The jury later rejected some of GlaxoSmithKline’s damage claims. On appeal, GlaxoSmithKline’s lawyers argued that they deserve a do-over because the trial was tainted by dismissal of the gay juror.

On Tuesday, a Ninth Circuit panel led by Reinhardt agreed – but it’s the way they agreed that’s important. Reinhardt wrote that government actions that treat people differently based on sexual orientation “are subject to heightened scrutiny,” like actions singling out racial minorities or women. And he concluded that lawyers aren’t free to strike jurors just because they are gay. That differential treatment, he said, violates the Constitution’s Equal Protection Clause.

That ruling is a bombshell. Here’s why: Legislatures usually are allowed to distinguish between groups when they make laws. Take, for example, Obamacare, which subsidizes health insurance only for lower-income people. If a wealthier person challenged that distinction in court, he or she almost certainly would lose. The court would apply what’s called “rational-basis scrutiny”: It would ask only whether there is any rational reason for Congress to draw the line it did. Laws reviewed using rational-basis scrutiny nearly always survive.

But when it comes to a few groups – most prominently, minorities and women – the rules are different. Because those groups historically lacked political power, courts are suspicious of laws singling them out, so they apply a stricter test: so-called “heightened scrutiny.” Laws singling out women, for instance, are constitutional only if the government can prove they’re necessary to advance “important governmental objectives.” That’s a much harder test to meet. In recent decades, the Supreme Court has used it to strike down laws drawing distinctions between men and women on everything from alimony to school admissions to worker’s compensation.

And that’s why Tuesday’s ruling is a watershed. Courts have long applied rational-basis scrutiny to laws that differentiate based on sexual orientation. The Supreme Court, meanwhile, has ducked the issue: It refused in United States v. Windsor, last year’s landmark decision on the Defense of Marriage Act, to say what level of scrutiny applied.
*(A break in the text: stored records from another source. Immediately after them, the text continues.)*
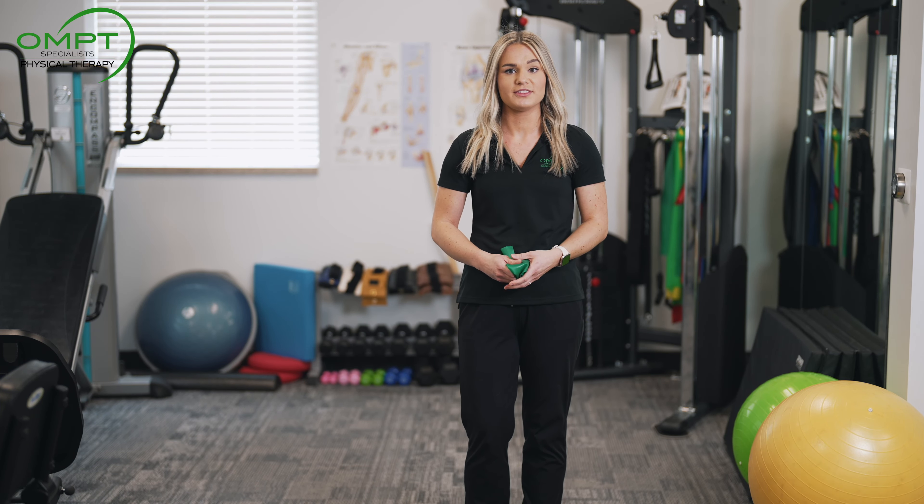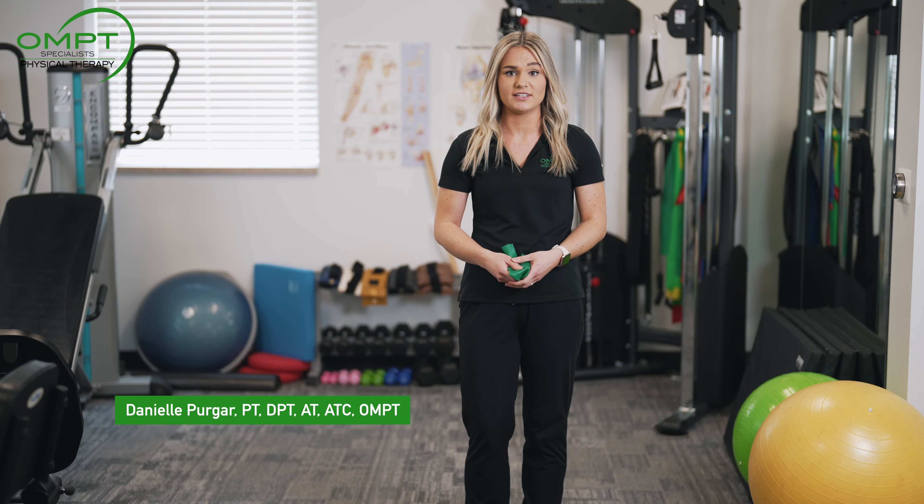Hi, I'm Danielle and I'm one of the physical therapists at OMPT Specialists. Today I'm going to be teaching you an exercise to help prevent ACL injury.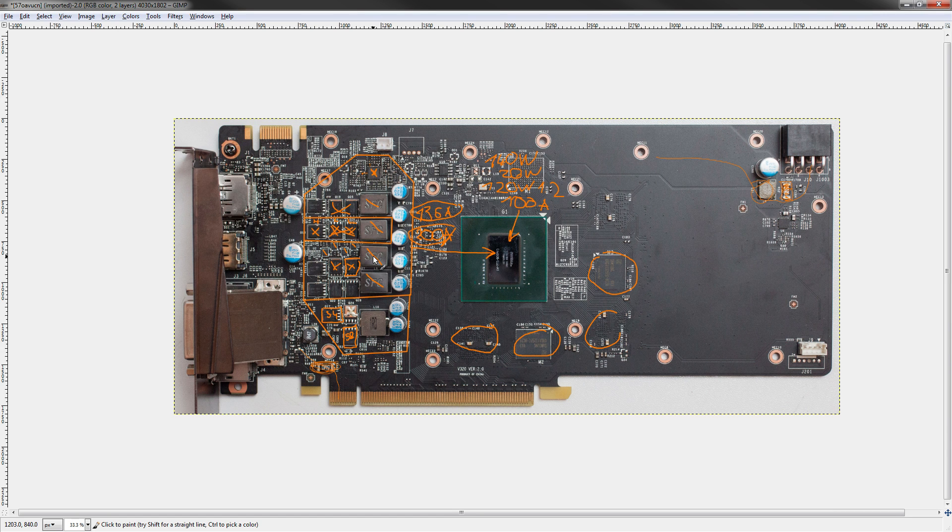My verdict: the VRM is good. That pulsed rating is so insanely high that I think somewhere between the pulsed and double the continuous rating for the high sides is fine. This VRM is plenty powerful for any kind of overclocking you'd want to do, and the card is very easy to volt mod.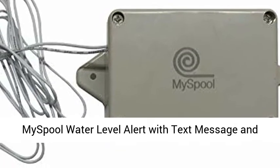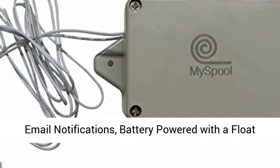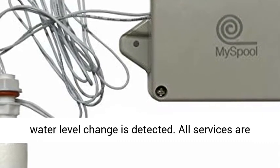MySpool water level alert with text message and email notifications, battery powered with a float sensor. Email and text message notification when water level change is detected. All services are free.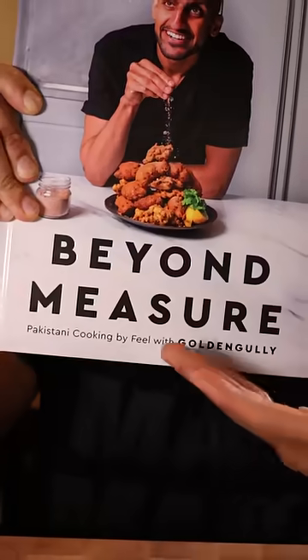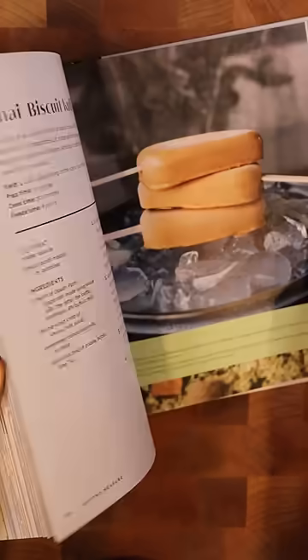This is a special cookbook because there are no traditional measurements — no teaspoons, no tablespoons, no cups. That's not how our parents or grandparents cooked. In this book I teach you all how to eyeball cook by using feel, because cooking is beyond measure. The designs, colors, and pictures in this book are so beautiful to look at, and it tastes even better because it's full of all the flavorful Pakistani recipes that I grew up eating from my mother.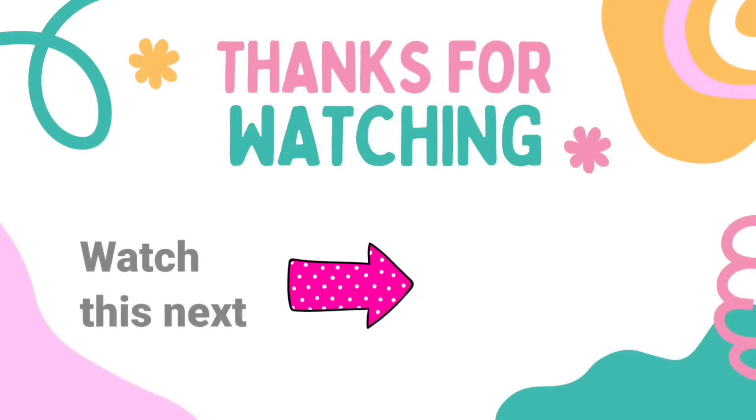That's it for today, my friends! Let me know which one is your favorite. And I have another video here for you with tons more Dollar Tree DIY crafts for fall. Click it — I'll see you later and have a blessed day! Bye!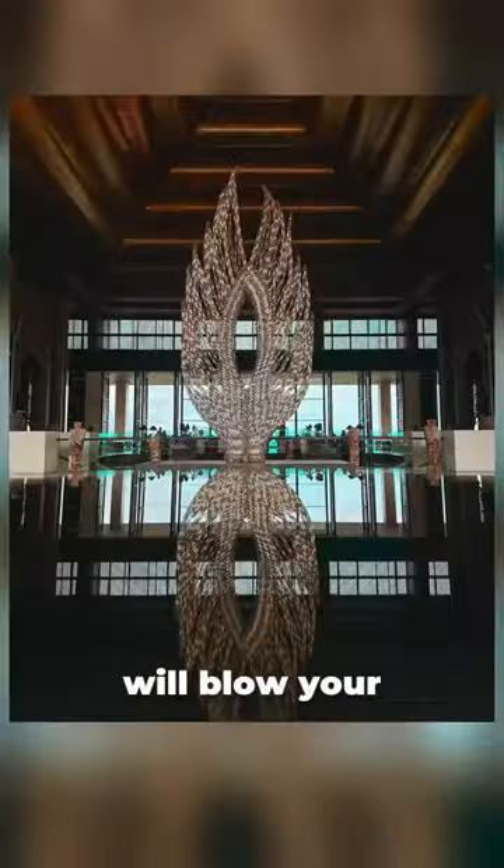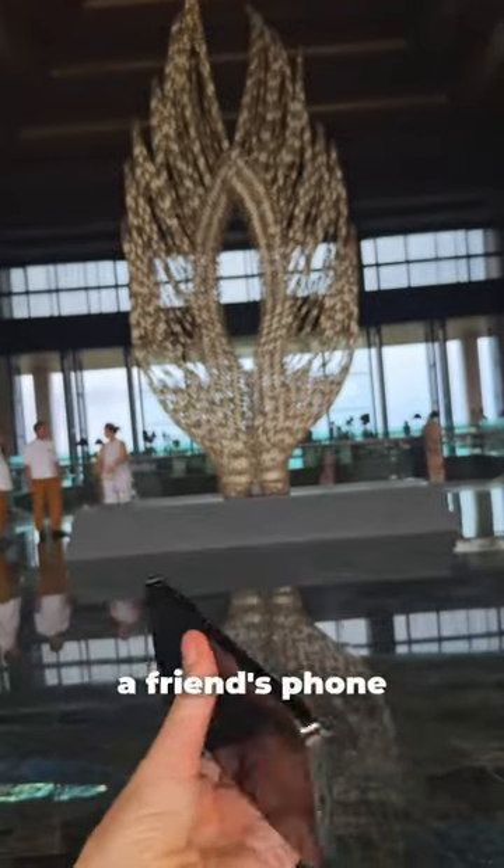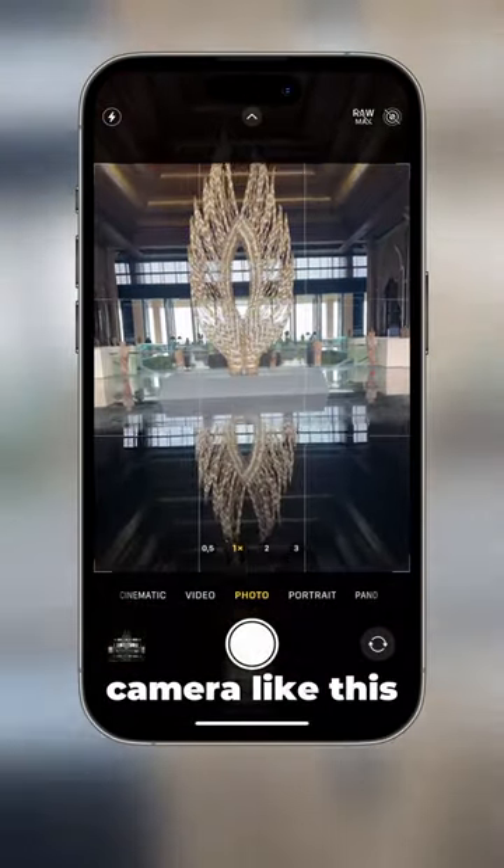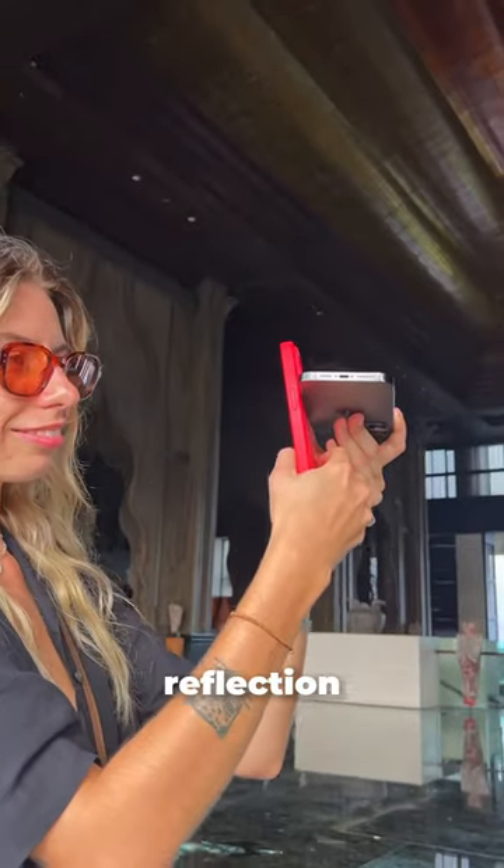This easy hack will blow your mind. Ask to borrow a friend's phone. Place the screen just below your camera, like this. Position it so you see the reflection.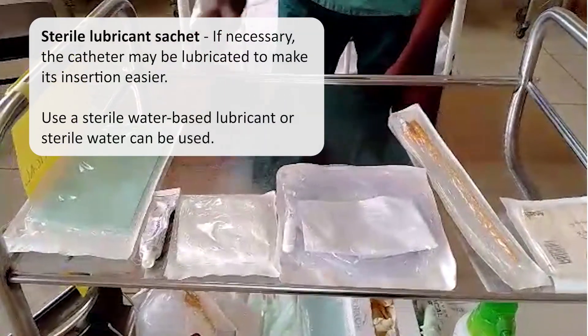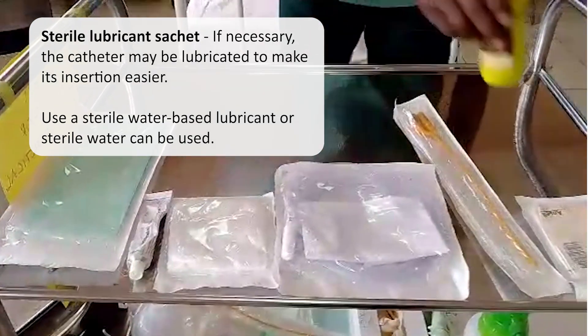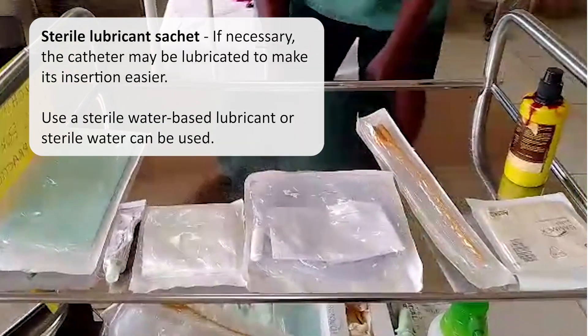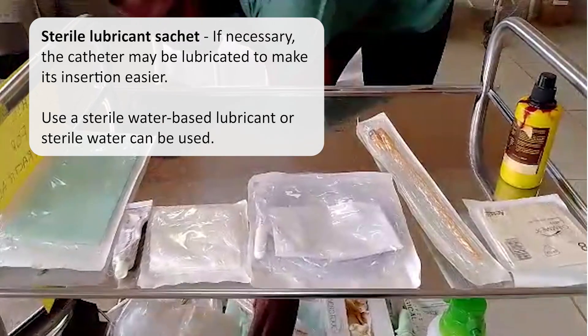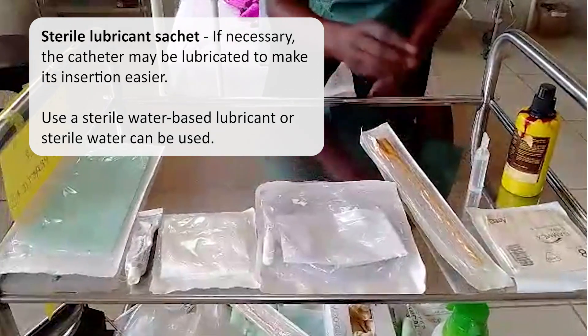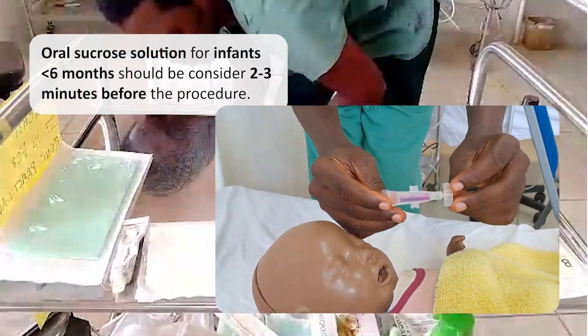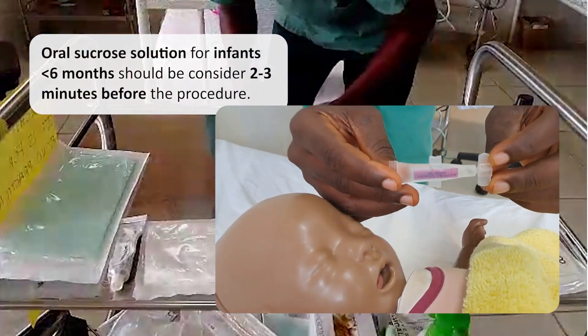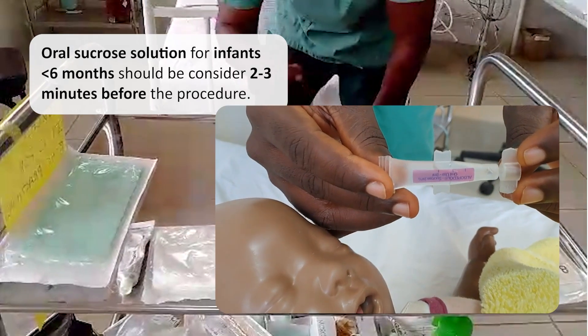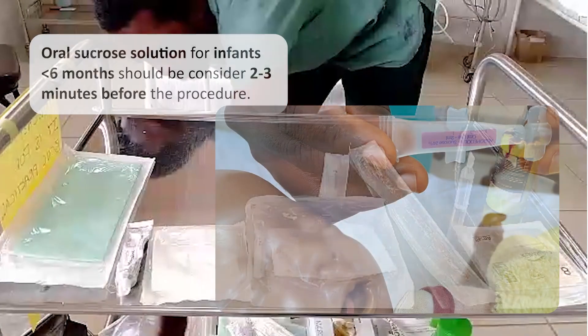Sterile lubricant sachets can be used if necessary. The catheter may be lubricated to make its insertion easier. The use of a sterile water-based lubricant or sterile water can be used. Oral sucrose solution for use in infants less than six months should be considered as an analgesia two to three minutes before the procedure.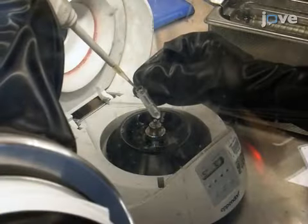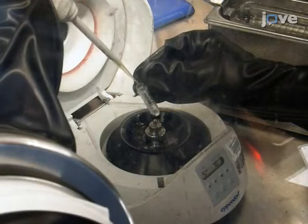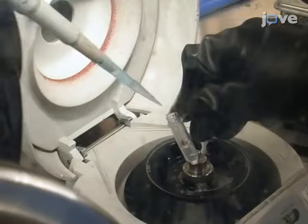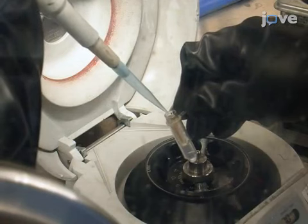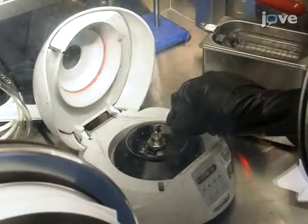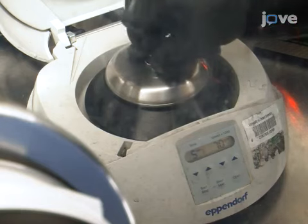Then, load 50 µL of an approximately 7 mg per mL solution of E. coli hydrogenase 1 into a 50 kD centrifugal filter unit. Dilute the solution with 450 µL of a low ionic strength exchange buffer with a pH close to the isoelectric point of the hydrogenase. Concentrate the mixture to 50 µL by centrifugation at 2,700 times G.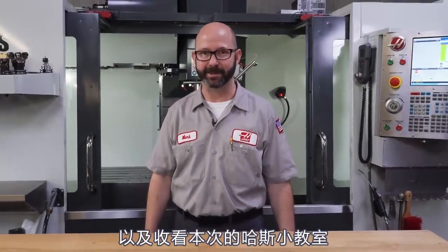That is all we've got for you this time. Thanks for letting us be a part of your success, and for watching this Haas Tip of the Day.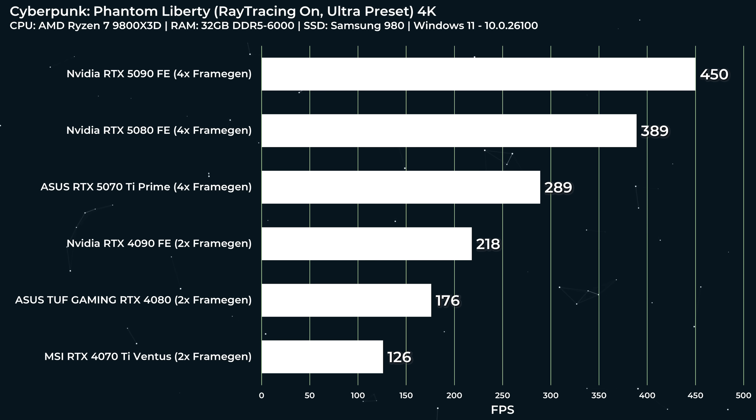Jumping right into gaming benchmarks starting with Cyberpunk 2077 — this is the headline. The Nvidia RTX 5090 with frame gen hits 450 FPS in Cyberpunk. We didn't move this fast on Crysis! And look how good the 5070 Ti is doing — 4x frame gen at 289 FPS — completely destroying the 4090, the 4080, and the 4070 Ti.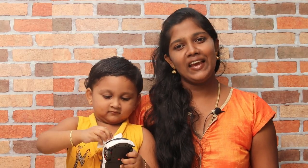Hello friends, I am Binsi. How are you? We are safe here. Everyone is safe here.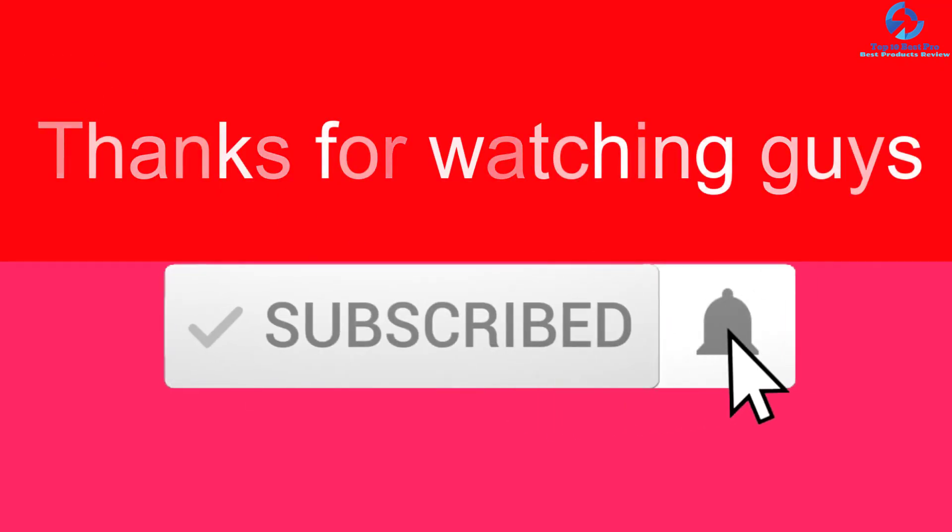Thanks for watching. I hope you liked this video. If it was helpful, please like, comment, and subscribe. If you have any questions related to these products, leave a comment below and I will get back to you as soon as possible.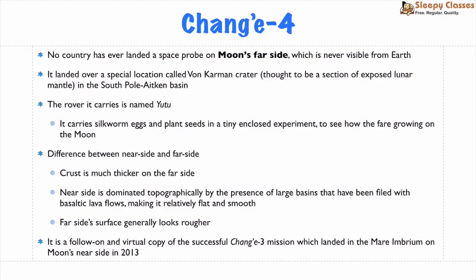First, China's Chang'e 4 Lunar Probe, which has landed on the far side of the Moon in the Von Kármán Crater, located in the South Pole-Aitken Basin. The rover is called Yutu-2, and it carried silkworm eggs as well as some plant seeds to study how life adapts to the lunar environment.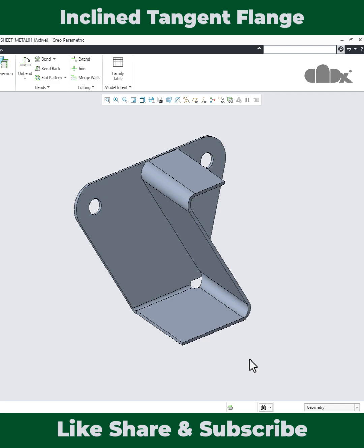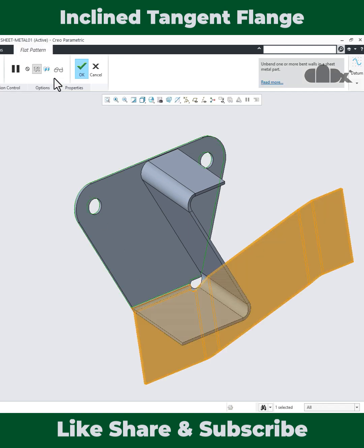Hello friends, Satendra here and in this video, let's design this sheet metal part in Creo Parametric. So let's get started. If you see this part, this part looks very simple. It has all the regular bends and there is no deformed areas, so getting the flat pattern is very easy.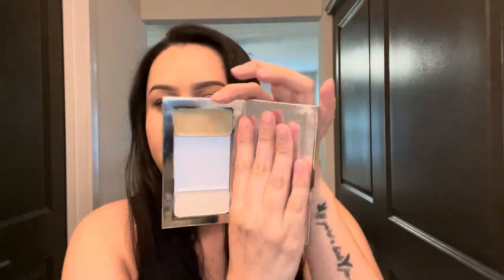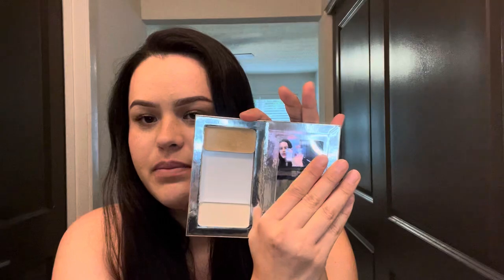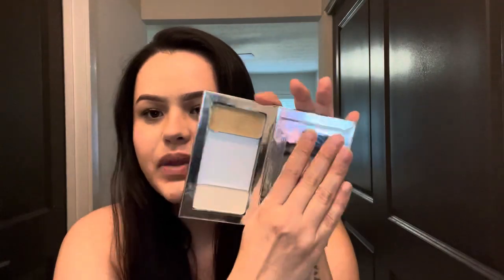The next thing that you guys will have in your kit is these magnetic palettes to go ahead and hold your tins. I will show you what it looks like inside — it does come with a mirror. So yeah, this is what it looks like.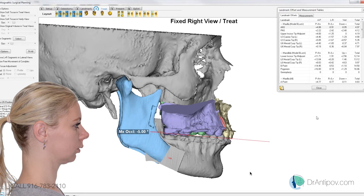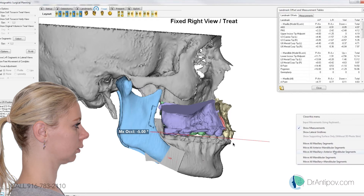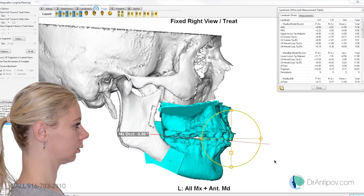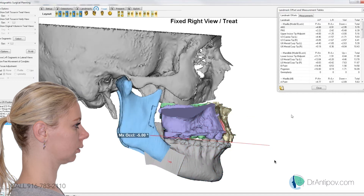Did you want to keep the vertical position of the incisal edge the same? No, we'll drop it about 3 millimeters — actually, let's do 3. So if we drop that anterior 3, you're now bringing your right molar down about 9. You want to keep that right molar to only coming down 6? I think she looks pretty good like this.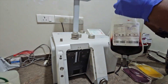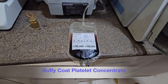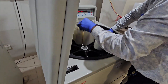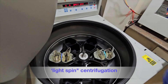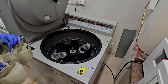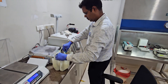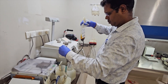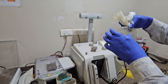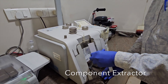The remaining part is the Buffy coat platelet concentrate. It is again subjected to light spin centrifugation at 22 degrees centigrade for 6 minutes.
But Reinhardt has now called the high court’s bluff. In GSK, he studied Justice Kennedy’s Windsor opinion and concluded that it was applying heightened scrutiny, even though it didn’t say so. Therefore, he said, the law has changed: The Supreme Court now “requires that heightened scrutiny be applied” in sexual-orientation cases.

If he’s right, then laws that disadvantage homosexuals on a wide range of issues – inheritance, benefits, hospital-visitation rights – are in danger. So are state gay-marriage bans. A federal judge has predicted that a heightened-scrutiny test “would likely doom” every such ban.

But is Reinhardt right? That’s where gay-rights supporters should be worried. Justice Kennedy, the Supreme Court’s swing vote, has been willing to strike down laws like DOMA. But he hasn’t been willing to say heightened scrutiny applies. And there’s no guarantee how he would rule if pressed.

The next big question, then, is whether the Supreme Court will take this case. That’s still up in the air and will be for months. But there are reasons to think it might: The court loves big-ticket cases. And Reinhardt’s decision creates a split among the federal appeals courts on what level of scrutiny applies. Such splits often lead to high-court review.

If GSK ends up in the Supreme Court, watch out. It has the potential to make last year’s DOMA decision look like small potatoes. 

Dominic Perella is a partner in the law firm of Hogan Lovells, where he specializes in Supreme Court and appellate litigation.